Guests at the ceremony included more than 30 refugees who originally arrived in Britain on the Kindertransport in 1938 and 1939. They were joined by Harwich Mayor, Ivan Henderson; Mike Levy, Chair of the Harwich Kindertransport Memorial and Learning Trust, His Excellency Miguel Berger, German Ambassador to the UK; Michael Newman OBE, Chief Executive of The Association of Jewish Refugees (AJR) and Rt Hon. the Lord Eric Pickles, United Kingdom Special Envoy for post-Holocaust Issues.
The statue was unveiled by Dame Stephanie Shirley CH, a refugee herself who arrived at the age of five in Harwich on a Kindertransport. She stated, “I shall never forget my first sighting of Harwich as a thousand of us children came in from the grey North Sea after a horrendous two and a half days’ journey from Nazi Europe.”

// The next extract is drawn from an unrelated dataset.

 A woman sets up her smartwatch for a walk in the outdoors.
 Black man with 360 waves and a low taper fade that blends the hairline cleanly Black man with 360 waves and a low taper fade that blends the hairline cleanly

Mike Levy, Chair of the Harwich Kindertransport Memorial and Learning Trust, said, “This is a day that so many of us have waited for. Now Harwich can take its full place in this remarkable part of British history. With the unveiling today, in some ways, the journey of those children more than 80 years ago is complete. Today is a day of celebration, of commemoration, a looking back but also, we hope, a way of looking forward to a kinder future.”
Sculpted by award-winning Essex artist Ian Wolter, the statue, cast in bronze, depicts five children descending from a ship’s gangplank. Moving quotes from the child refugees have been inscribed on the memorial and there is a space between the figures so that children can explore them at close hand.

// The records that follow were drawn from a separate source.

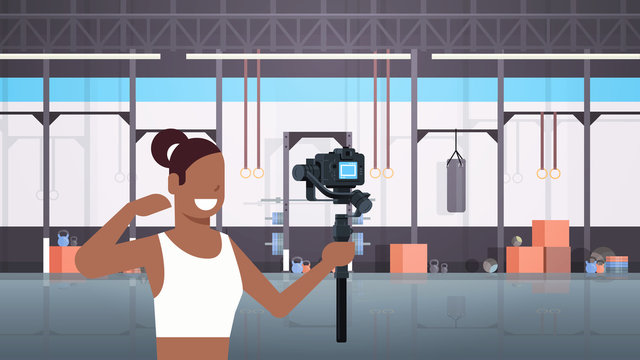 woman fitness blogger shooting selfie video african american girl in front of camera recording herself using gimbal stabilizer blogging concept modern gym interior horizontal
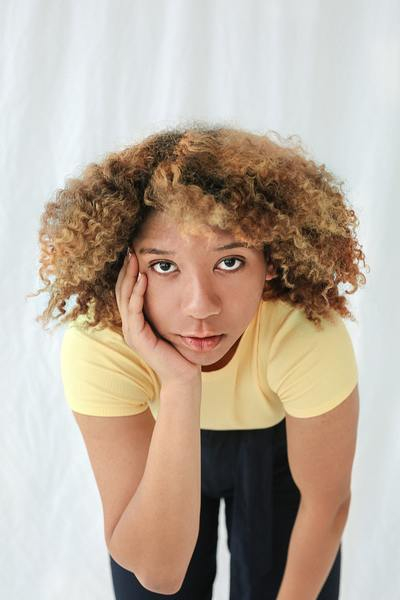 woman,hand,face,thought,think,yellow,t-shirt,curly,hair,black,eyes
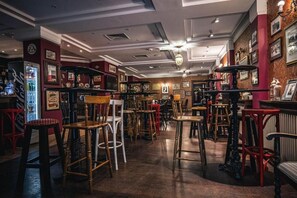 A bar area with multiple stools and tables, a refrigerator, and framed pictures on the walls. - Royal Rooms (Poznan)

Michael Newman OBE, Chief Executive of The Association of Jewish Refugees (AJR) stated, “Harwich will always have a special place in the hearts of those refugees who arrived on the Kindertransport. The AJR is proud and delighted to be a prominent supporter of the effort to establish this memorial that honours them and their loved ones who sent them to safety, and to sponsor the development of the accompanying educational programme that will spread awareness of this vital history and inspire and educate generations of visitors.”
“At 11 years of age I boarded the train in Bünde Germany, heading towards the Netherlands. When the train stopped, some nice Dutch ladies gave us biscuits and drinks, and then we continued to Hoek van Holland where we boarded a boat heading to England. On arriving in Harwich, after all we had been through, we thought English people were angels,” recalled, Dr. Vernon Katz who arrived in Britain on a Kindertransport.
In addition to the memorial, an audio bench and new information boards around the town have been erected to ensure that Harwich is recognised for the crucial role the town and its people played in the rescue of children destined otherwise for murder in the Holocaust.